In Chapter Two, the animals rebel as a result of Jones' neglect. In sum, Jones has "fallen on evil days": he spends days "lounging in his Windsor chair," drinking alcohol and reading the newspapers. His men are just as lazy: they neglect the weeding and general maintenance of the farm and do not bother to feed the starving animals.
On the day in question, Mr Jones spent the morning in the pub and then came home and fell asleep while his men went out rabbiting. The important point is that neither Jones nor his men bothered to feed the animals, prompting a cow to break down the door of the store-shed in a frantic search for food.
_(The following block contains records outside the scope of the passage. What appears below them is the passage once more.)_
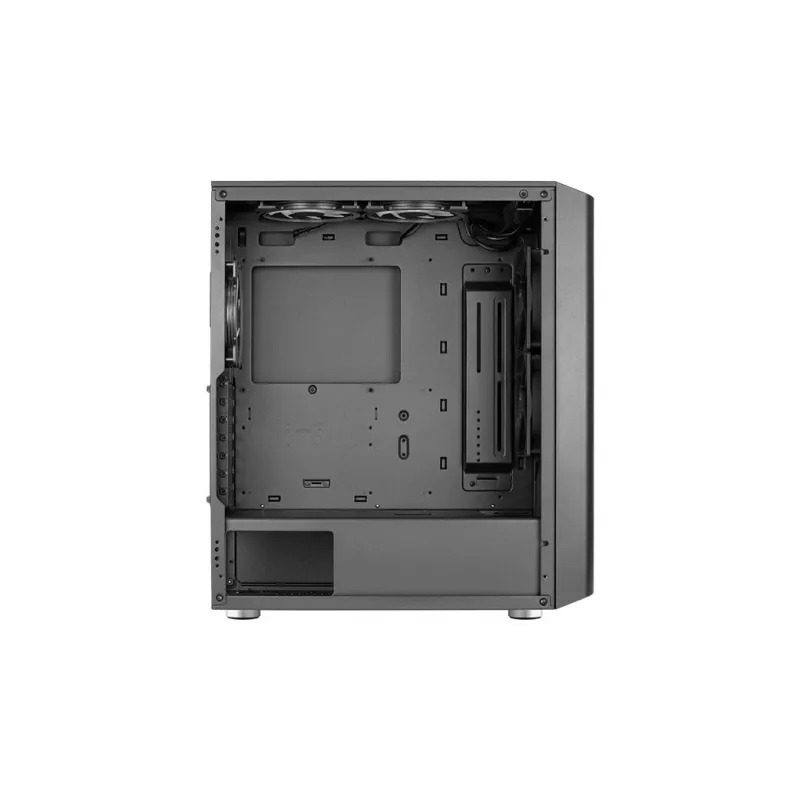 PC korpuss AEROCOOL Interstellar Midi Tower Melns — ATX, atbalsta līdz 362 mm GPU, 163 mm CPU dzesētāju, 3x120/360 mm priekšējo radiatoru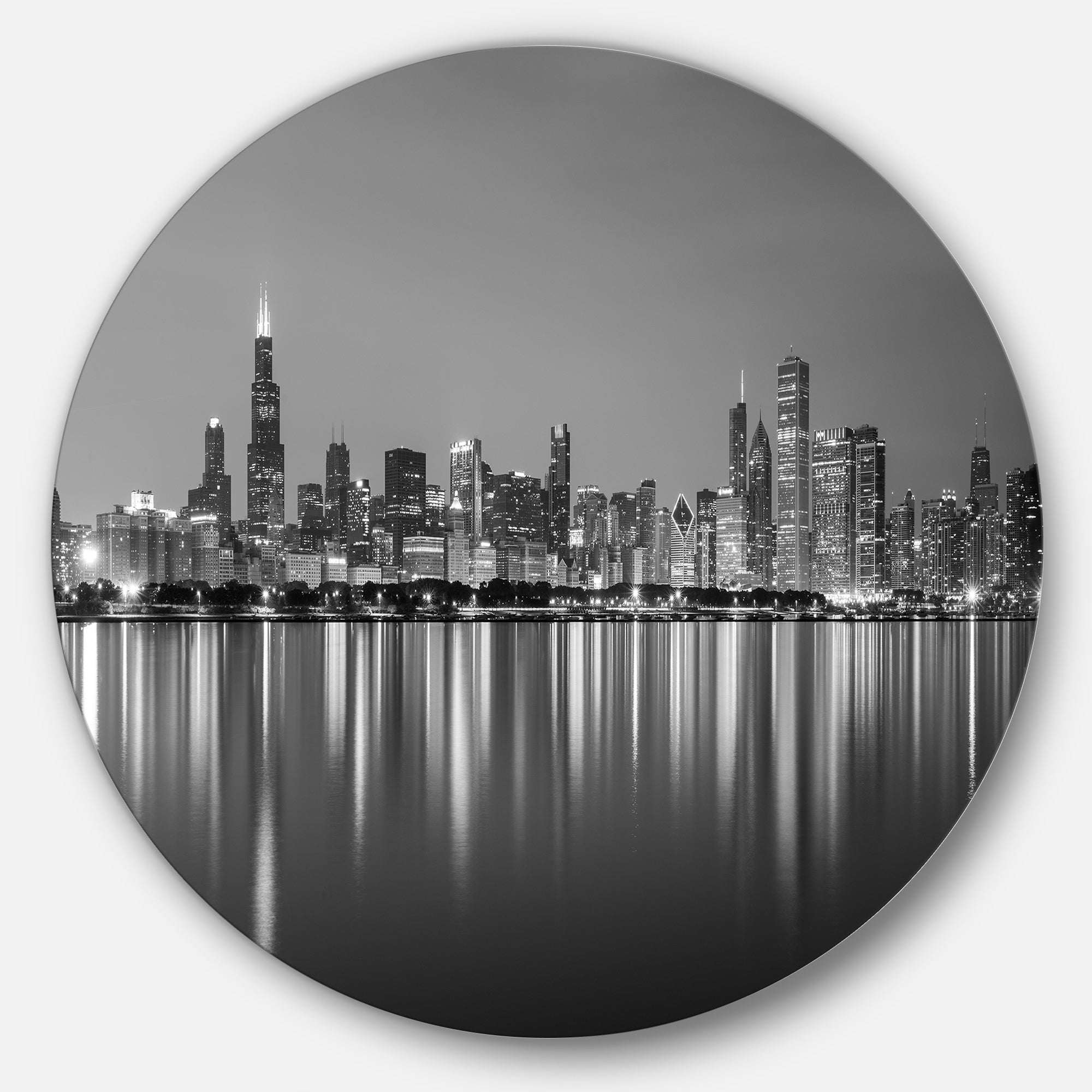 Chicago Skyline At Night Black And White Ultra Glossy Cityscape Circle Wall Art Disc Of 23 Designart Wall Art Mirrors Chairs Clocks And More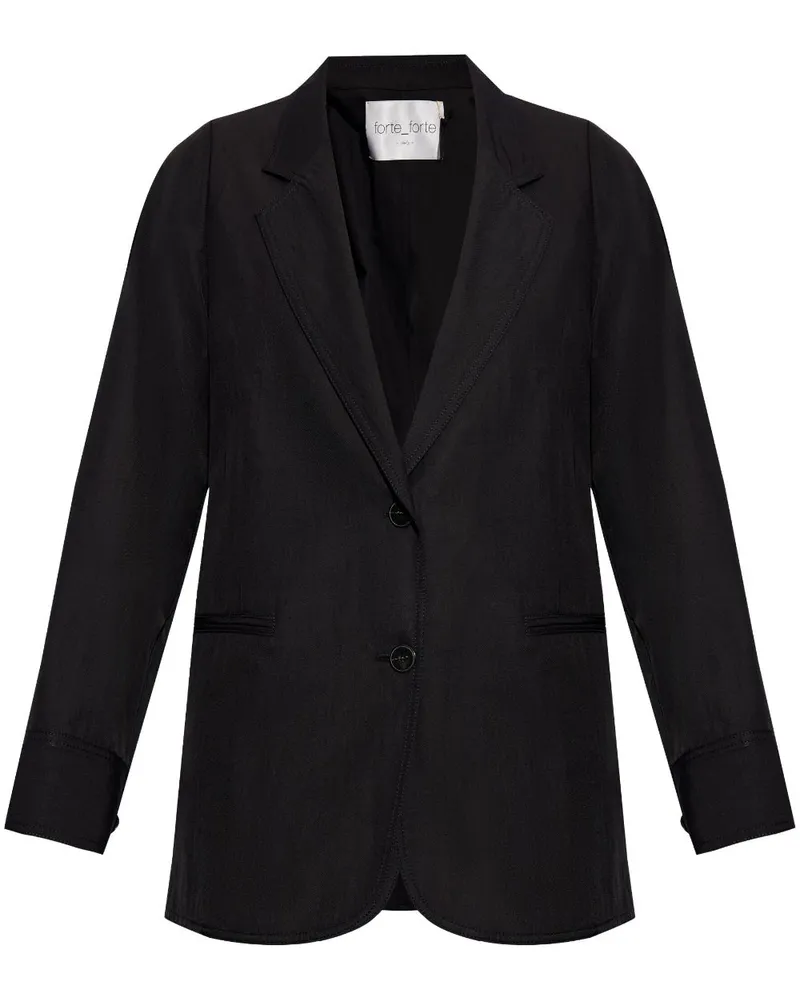 forte_forte Einreihiger Twill-Blazer Schwarz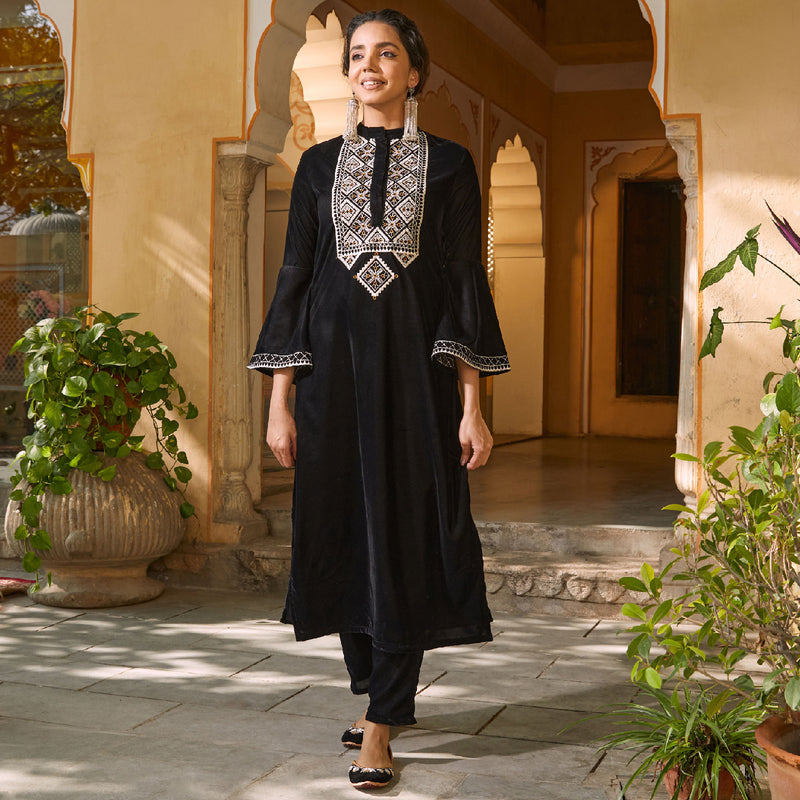 Black dress kurta hotsell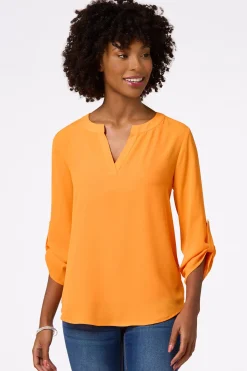 Cato Notched V- Neck Top><noscript><img width=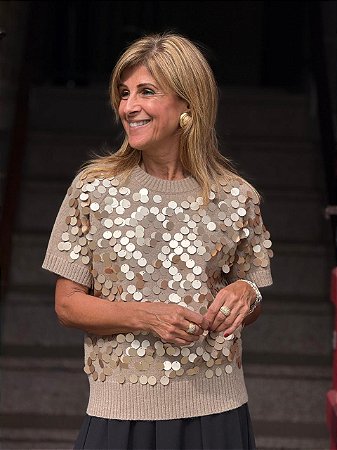 Blusa Quente em Lã Cashmere com Paetês - Manga Curta (Tamanho M)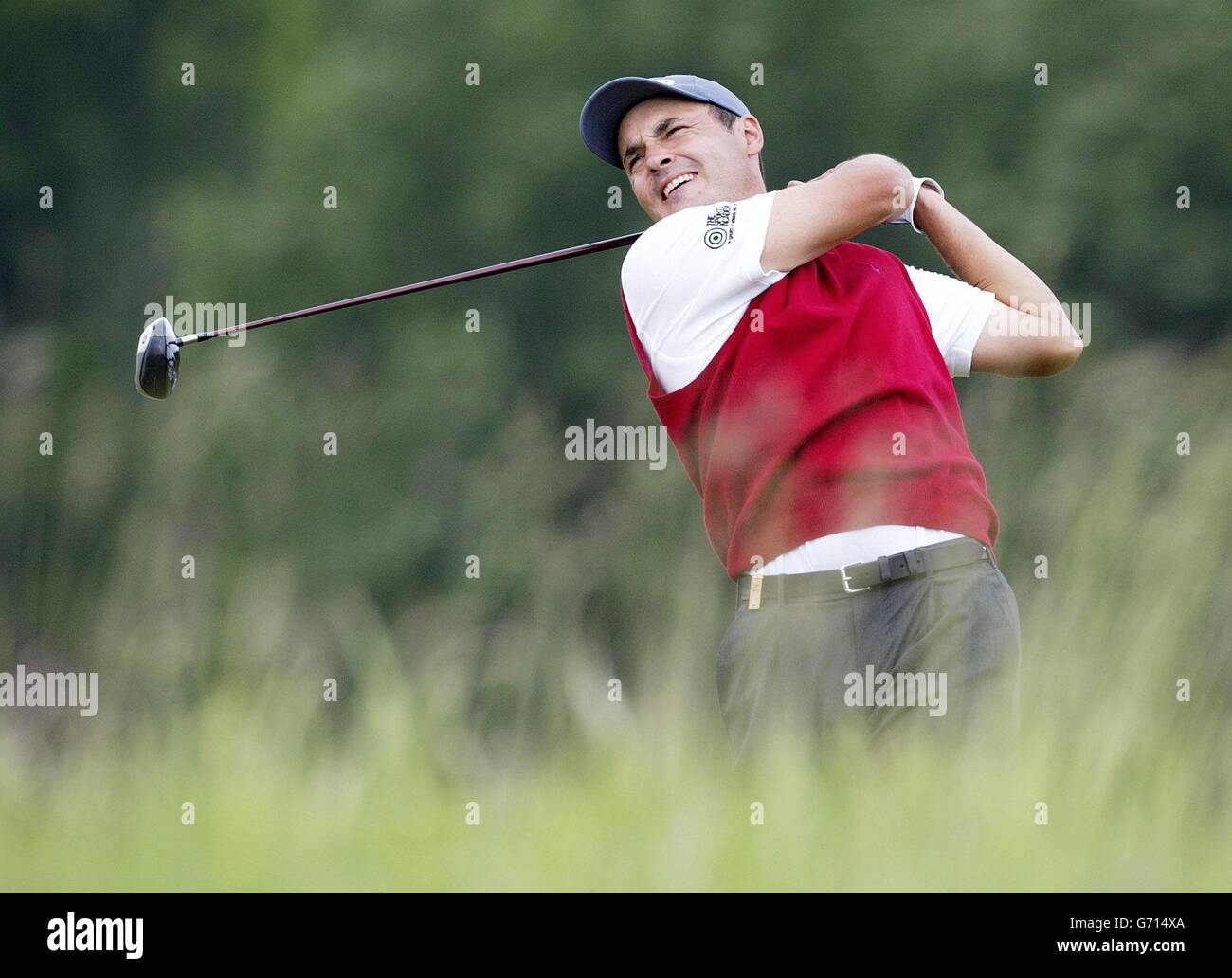 Englands Simon Khan während seiner siegreichen Finalrunde der Wales Open in Celtic Manor, Newport, Wales. Khan, 255. Der Welt, zog einen atemberaubenden Sieg nach Paul Casey blies eine vier-Schuss-Führung. Stockfoto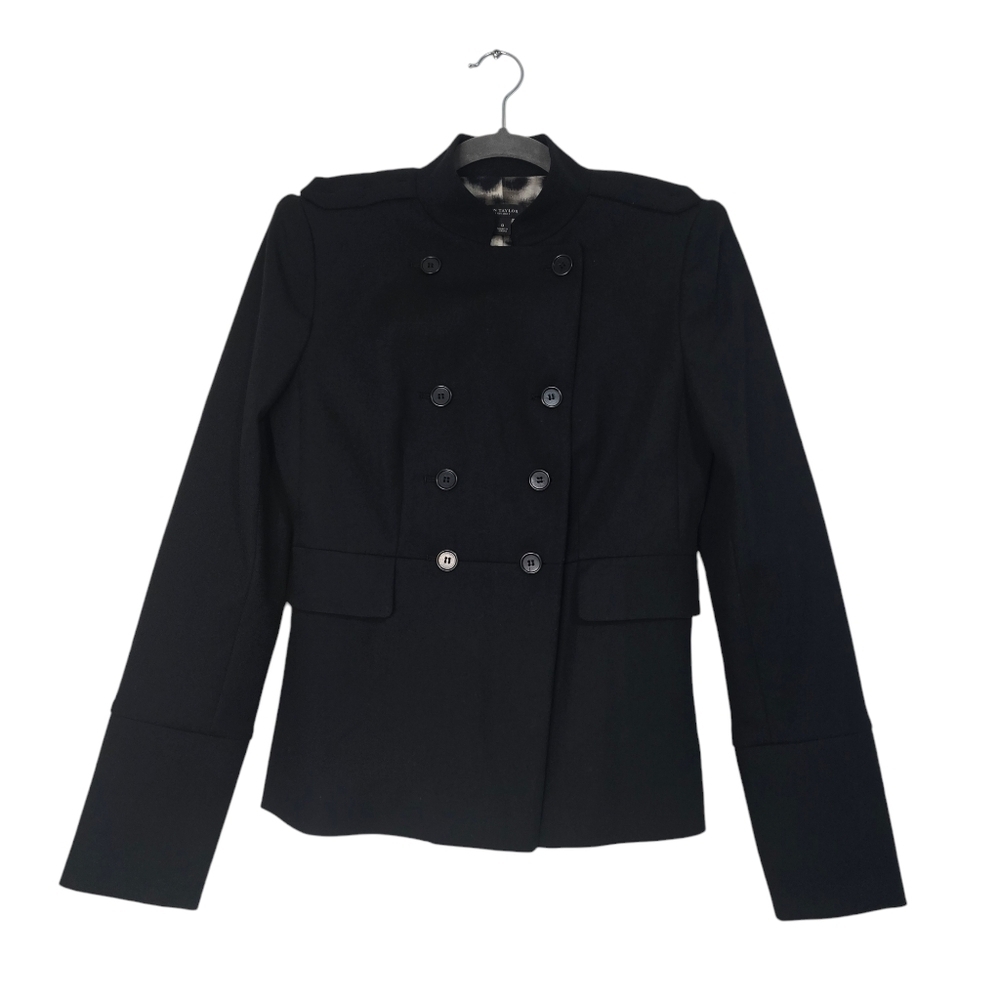 Ann Taylor Black Leopard lining military inspired double Breasted Blazer Jacket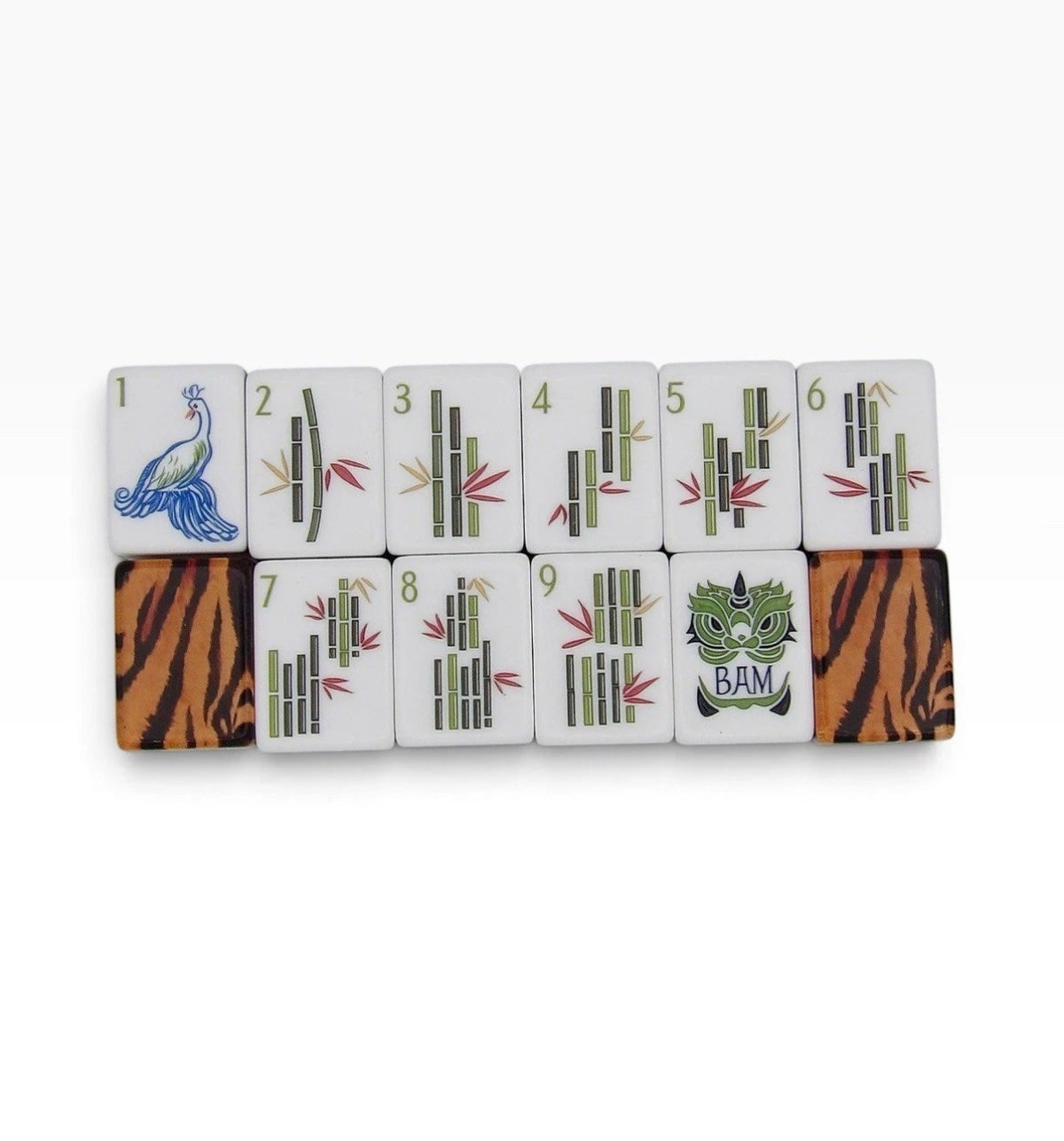 Luxury Mahjong Tiger Lily set featuring ivory tiles with bamboo suits and a tiger-striped back pattern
It is worth linking these points to Boxer's famous maxim: "I will work harder," because this maxim demonstrates an important point about his character. Boxer is so loyal to the regime that he is unable to grasp that working hard has nothing to do with the way he is treated. In other words, the animals are mistreated by Jones because Jones prioritizes alcohol and sleeping above his farm. Later, when Napoleon takes power, Boxer continues to say this maxim but, once again, cannot see that working hard will not improve his life. Napoleon is a dictatorial ruler who keeps the animals in a state of oppression to ensure that his power and authority go unquestioned. Ultimately, it does not matter how hard Boxer works; he will always be oppressed and this is the story's tragic irony.
Boxer's most famous maxim is:
I will work harder.
As the book moves on, you will find him also use the maxim:
Napoleon is always right.
Each of these are indicative of his character a hard-working and loyal contributor to a society.
Mr. Jones' neglect of the animals needs of food and care(like the cows needing to be milked) caused them to rebel. His neglect arose from a drunken stupor.